I never can remember which one it is, but now that I know it's a contraction of 'abated breath', it makes it a bit easier to remember how to spell it properly. Apparently it was first used by Ol' Dickie Wigglestaff in The Merchant of Venice:

Shall I bend low and, in a bondman's key
With bated breath and whisp'ring humbleness
Say this ...

More on WorldWideWords.

Sunday, January 30, 2005


romanesco broccoli is a vegitable expression of fractals. It looks man-engineered but is apparently quite natural which confirms what I've always said about everything being connected. [via bookofjoe]

Saturday, January 29, 2005

Look 'Sideways'

Sideways has various wierd similarities with the 80s film Electric Dreams.

  • Virginia Madsen's character name in the new film is Maya which has the same name origins as Madeline a character she played in the older film.
  • Both characters romance a man called Miles.
  • In both films love breaks down because of a lie introduced by a third party.
  • In both films the couples get bored with an official tour and disappear off on their own -- in Electric Dreams it's Alcatraz.
  • There is also a scene in which Madsen's character describes why she's passionate about something in the former film it's music.

    Also but unrelated ...

    Sandra Oh (Stephanie) is married to the director Alexander Payne, and both Oh and Paul Giamatti (Miles) have worked together before on the kids film Big Fat Liar.
  • Perfect cure for headaches

    Actually, this is common knowledge but it's a snippet I'm fond of so I'll repeat it anyway. The best cure for a headache is sex. Apparently it's a good cure for insomnia too. And there's evidence it's good for your immune system and cardiovascular health.

    I'll stop there, lest you all think I'm obsessed.

    Another use for bananas

    As well as helping cure cramp, bananas encourage the release of a sleep-inducing hormone, so if you're having a restless night, eat a banana.

    Friday, January 28, 2005

    Penny Drop

    The colour in red wine comes from the skins. Yes, I know. Guess which film I saw tonight.

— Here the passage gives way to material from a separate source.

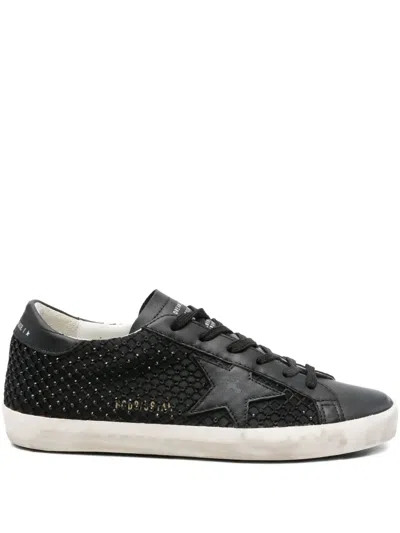 Golden Goose Super-star Black Low Trainer With Rhinestones Women In Black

    Ricky Gervais does have a use after all

    Oh, how meta is this. Ricky Gervais is on TV, doing his Animals stand-up thing, complaining about people filling websites with useless facts... including:

    The peanut is not a nut but a legume.
    You can lead a cow upstairs but not down.
    When a crab's pissed it walks forwards instead of sideways.
    The daddy longlegs as the strongest poison known to man, but it can't administer it as it has no teeth.

    One of those may not be true.

    Mass murder

    Tasmania holds the record for the world's single biggest mass shooting - 35 people were shot dead in Port Arthur on 28 April 1996 and Martin Bryant was convicted (some believe wrongly) of the massacre.

    Bad insulator

    Blow-up mattresses make for really bad insulators - if you're sleeping on one in a cold environment, make sure to put a quilt or duvet underneath yourself as well as having bedding on top, otherwise all your body heat will leach out through the mattress and you will freeze your butt off all night.

    (Not so much heard said, this one, but learnt through bitter experience.)

    Thursday, January 27, 2005

    No Sunset in Paris

    One of the most critically acclaimed films of last year (#5 on the Metafilter list of Best Reviewed of 2004), "Before Sunset" is yet to be released in France - the country where it is set.

    It has already seen release in the U.S., Germany, Switzerland, Austria, South Africa, the Czech Republic, the UK, New Zealand, Denmark, Australia, Israel, Panama, the Netherlands, Chile, Finland, Switzerland, Norway, Greece, Spain, Poland, Hong Kong, Portugal, Sweden, Argentinia, Finland, Mexico, South Korea, Brazil, the Phillipines, Italy and Belgium... but not the birthplace of cinema.

    Pudding Lane

    Pudding Lane in London, where the great fire of London started was supposedly named, not for any cookery based reason, but because of the prostitutes who used to work there. Apparently 'Pudding' used to be a slang term for a prostitute in the 17th century.

    Lost - One Van

    The police have never managed to find the van full of Phosgene and Methyl Bromide that went missing in London last year.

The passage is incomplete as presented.